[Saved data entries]
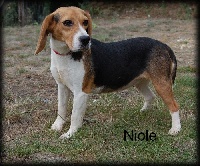 Étalon Beagle - Niole (Sans Affixe)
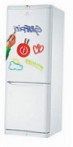 Indesit BEAA 35 P graffiti Холодильник \ Характеристики, фото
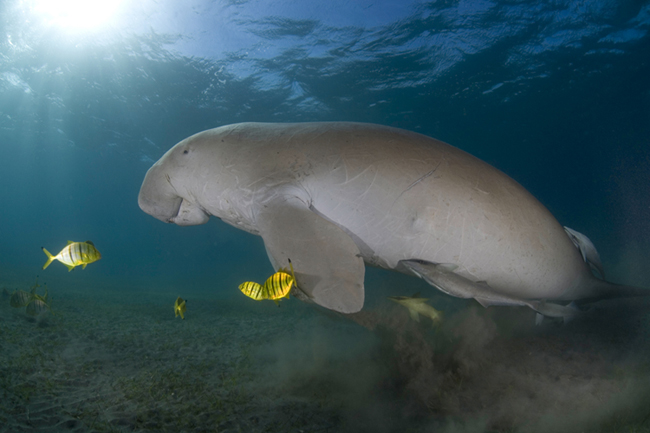 Dugong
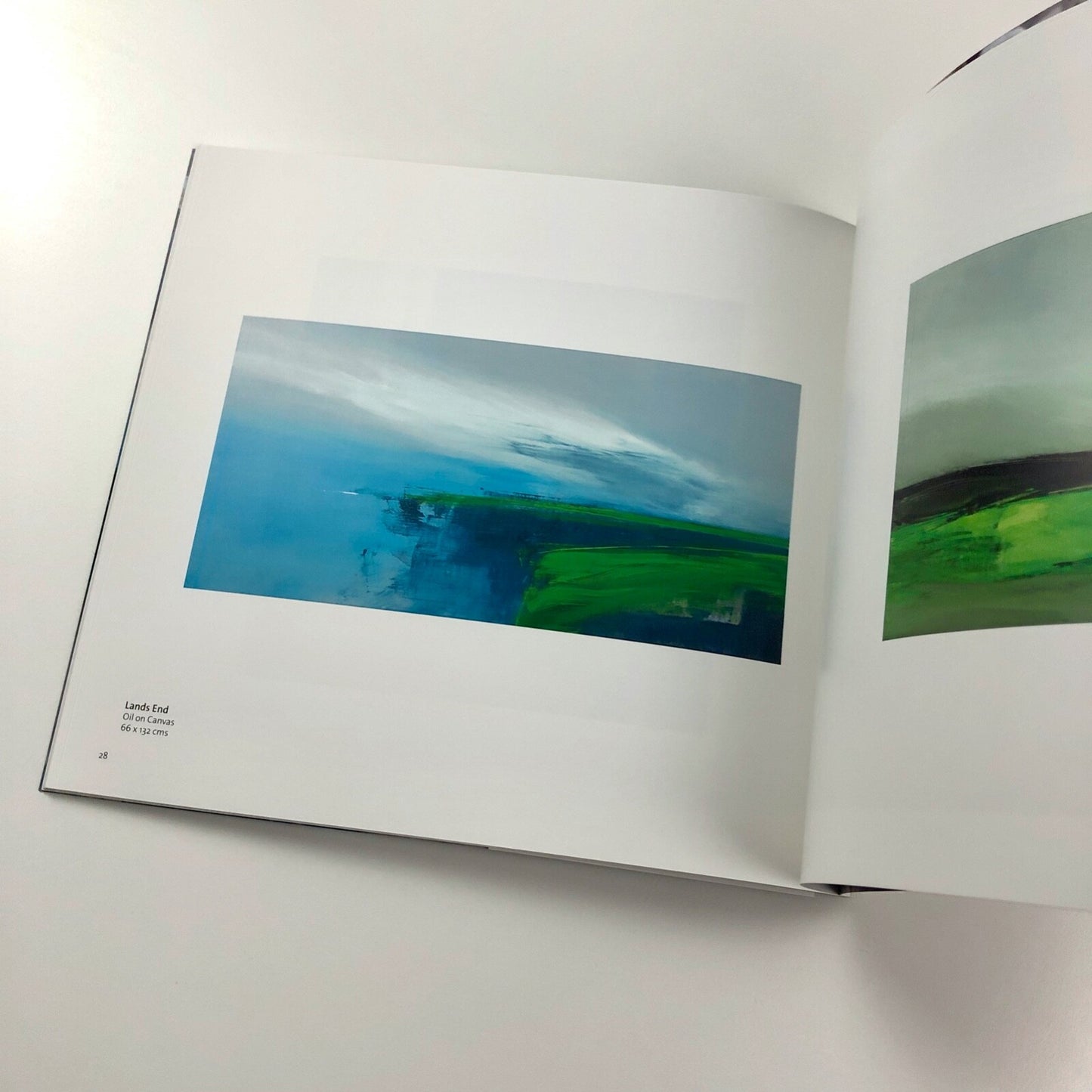 Neil Canning. Fusion | Lemon Street Gallery exhibition catalogue, 2015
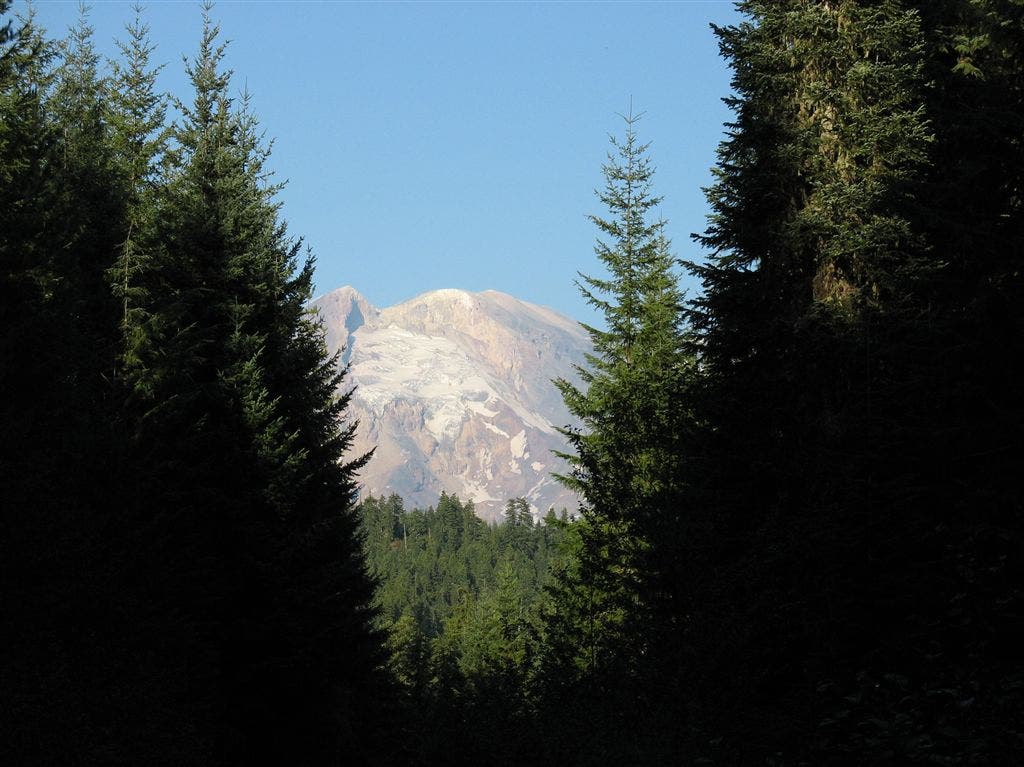 Through the trees None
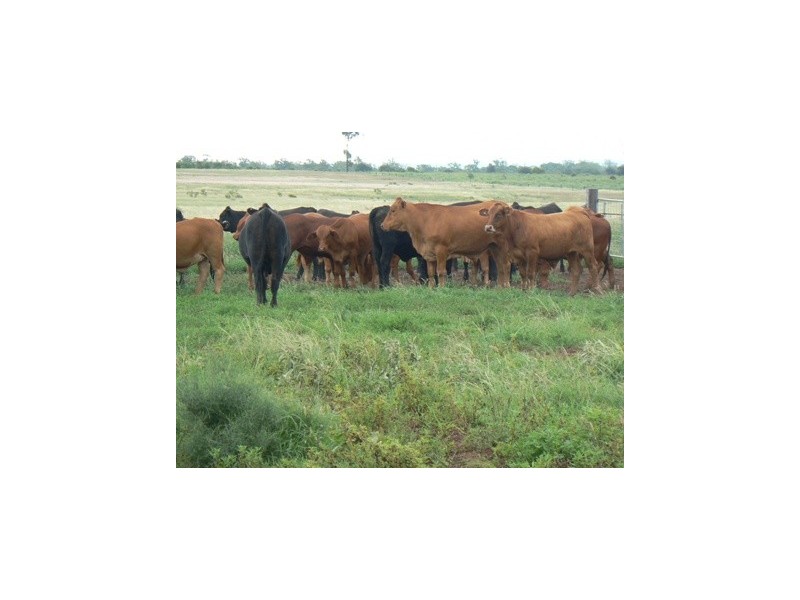 ” Wilga View”, Wandoan QLD 4419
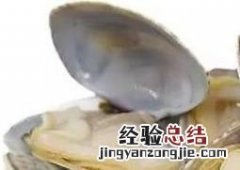 美国红贝的哪些部位不能吃的 美国红贝的哪些部位不能吃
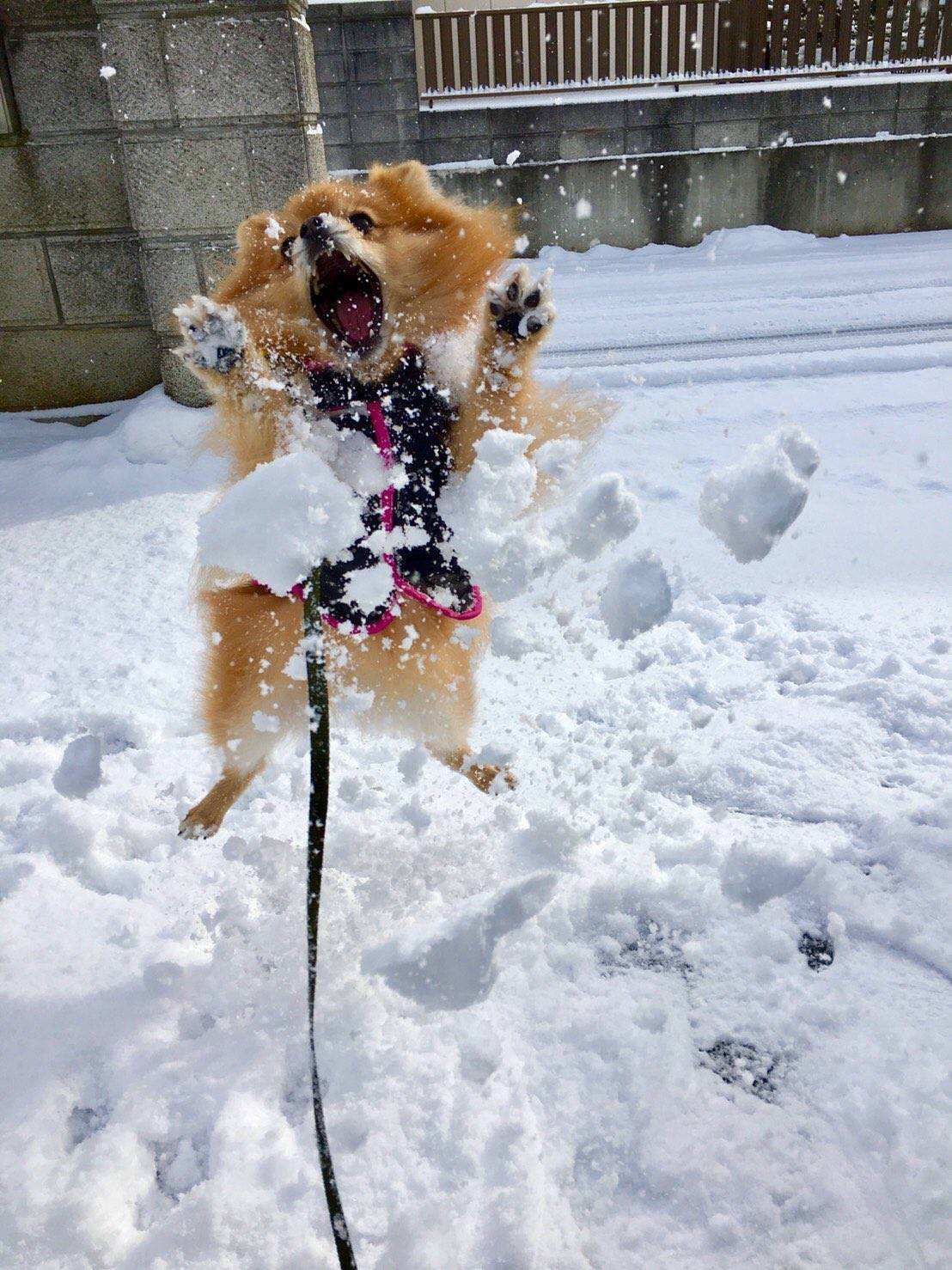 梦见下大雪是什么意思(梦到下雪预示了什么？)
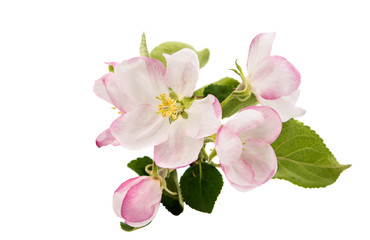 Fototapeta na wymiar apple tree branch with flowers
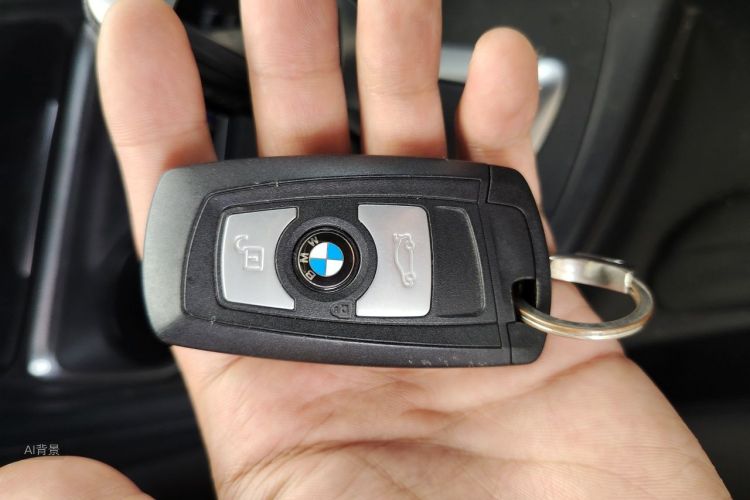 BMW 3 Series 2015 car image #10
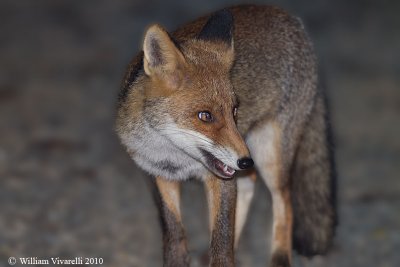 Volpe (Vulpes vulpes)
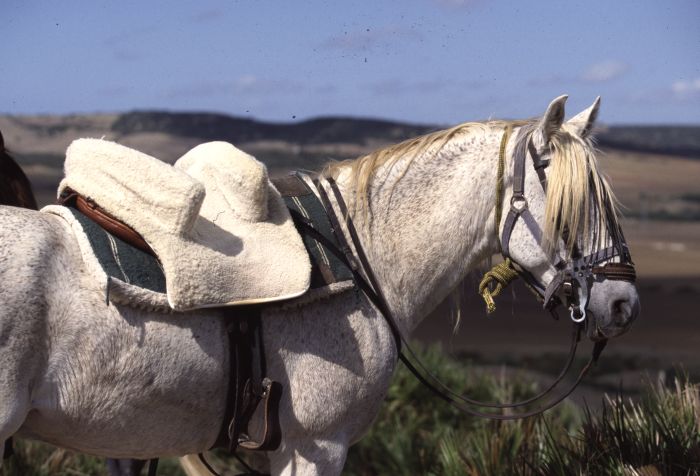 Rancho La Paz - Haras andalou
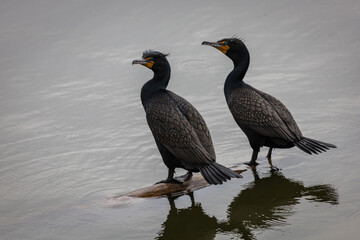 Double-Crested Cormorant, Phalacrocorax auritus, pair standing on log in water looking towards left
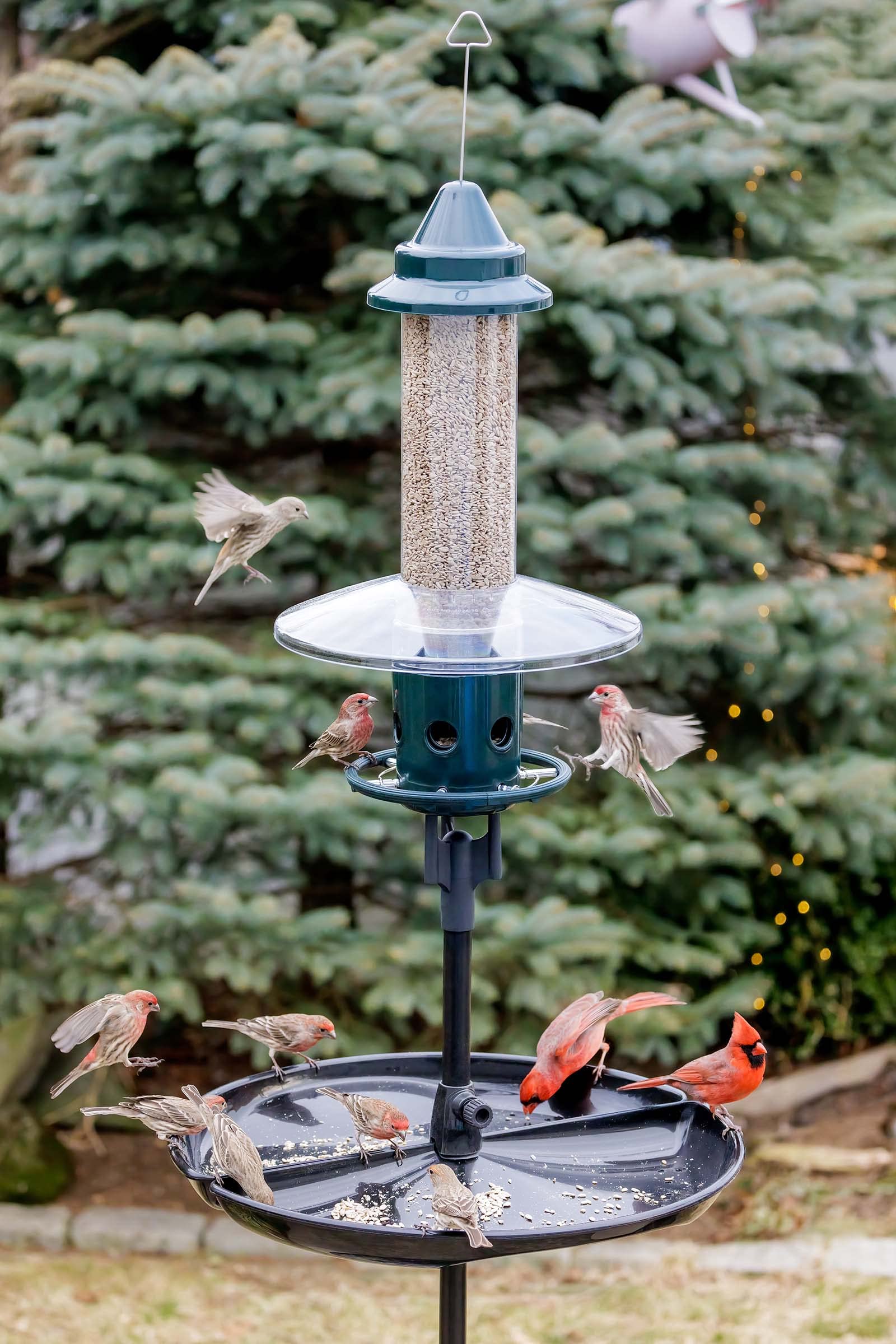 BROME Squirrel Buster Plus Bird Feeder with Cardinal Ring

**TASK PROMPT:** Each line from the one containing "BMW 3 Series 2015 car image #10" through the last line above should be retyped exactly, and no other line. Any picture is to be left out.

**RESPONSE TO THE TASK:**
 BMW 3 Series 2015 car image #10
 Volpe (Vulpes vulpes)
 Rancho La Paz - Haras andalou
 Double-Crested Cormorant, Phalacrocorax auritus, pair standing on log in water looking towards left
 BROME Squirrel Buster Plus Bird Feeder with Cardinal Ring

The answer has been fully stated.